Je ne connaissais pas Elizabeth George et je remercie Babelio et les éditions Presse de la Cité de me l’avoir fait découvrir.
Elizabeth George a écrit de nombreux polars du duo Linley et Havers, et La punition qu’elle mérite est le vingtième volet de cette longue saga. Malheureusement, je n’ai pas accroché. le sujet me semblait bon : l’histoire d’un prêtre accusé de pédophilie qui se pend dans sa cellule. Au début, on pense naturellement que c’est un suicide, puis le sergent Barbara Havers a l’intuition que c’est peut-être un meurtre. Mais ce sujet d’actualité brûlant qu’est la pédophilie des prêtres est mal exploité. On n’entre pas assez dans la polémique, dans la dénonciation : il n’y a aucun engagement pris de la part de l’autrice, ce que j’ai trouvé décevant.
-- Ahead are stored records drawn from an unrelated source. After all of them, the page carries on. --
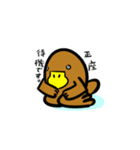 かものはしさん（個別スタンプ：16）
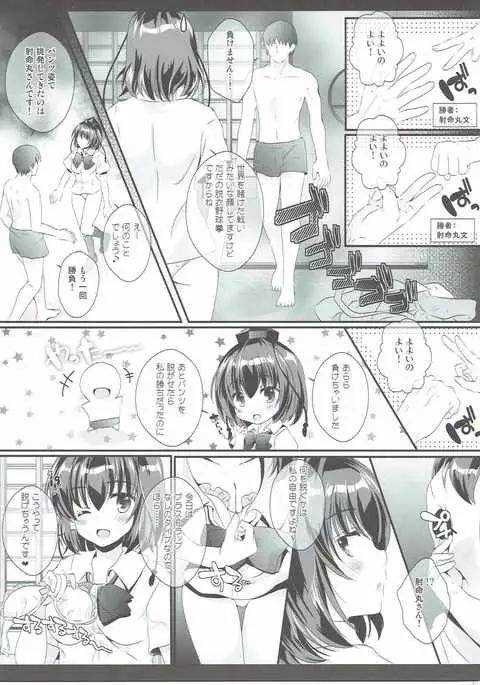 Ero Yakyuuken de Maketandakara Aya-oneechan ga Suki ni Shichau wa yo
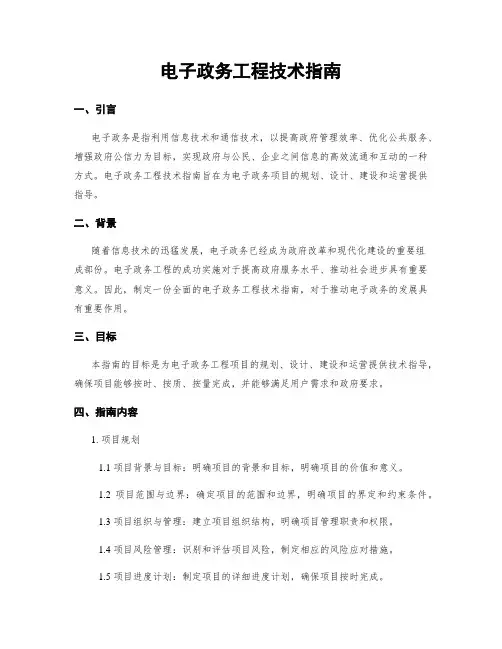 电子政务工程技术指南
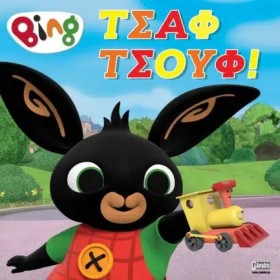 BING: ΤΣΑΦ &hellip;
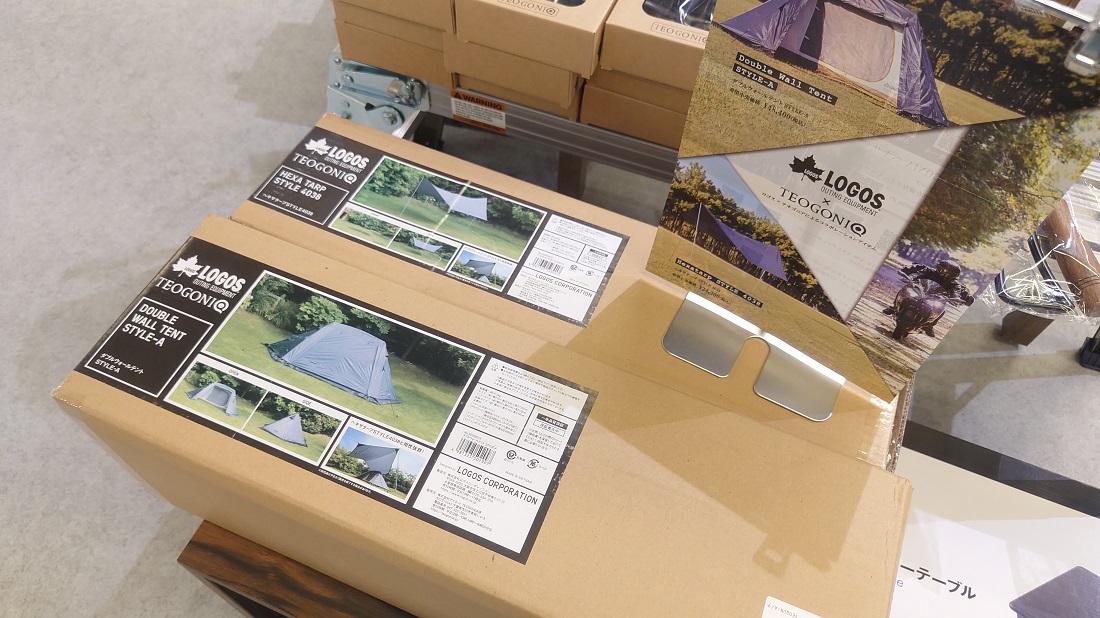 ロゴス×テオゴニアの限定コラボアイテム|AZem アゼム|北海道札幌市 ロゴス×テオゴニアの限定コラボアイテム|AZem アゼム|北海道札幌市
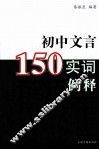 初中文言150实词例释 封面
C’est un bon policier pour ceux qui aiment cette littérature. Ce n’est que moyennement mon cas. Dans un policier, je recherche toujours un peu plus qu’une simple enquête. Il me faut de la psychologie, une étude sociale ou une plume très poétique. Elizabeth George écrit un polar qui s’en tient aux règles d’un roman policier classique : un problème, une enquête, des indices que le lecteur doit trouver et une solution. Bien que le style soit agréable et que les pages se tournent toutes seules au début, je me suis finalement lassée de ce pavé qui n’en finissait pas. L’histoire aurait mérité d’être condensée pour gagner en rythme car on commence à s’ennuyer vers la page 300. L’enquête n’est pas toujours menée par le même duo. D’abord il y a le duo atypique que forme la commissaire Isabelle Ardery et du sergent Barbara Havers. Les deux femmes ne s’entendent pas : l’une veut rentrer à Londres et refuse que l’autre pousse son enquête. Ce duo était intéressant pour l’histoire car l’un de deux personnages était handicapé par l’autre. Mais dès que Barbara Havers refait équipe avec son acolyte l’inspecteur Linley, l’ennui vient car ils semblent pris dans une “routine” et les successions d’interrogatoires deviennent lassantes.

Pour résumer : l’excellent style d’Elizabeth George qui a fait ses preuves depuis plusieurs décennies saura sûrement convaincre une fois de plus. Néanmoins, lecteurs plus exigeants pour qui une simple intrigue policière ne suffit pas, passez votre chemin (et aller lire Les Apparences ou La Vérité sur l’affaire Harry Quebert).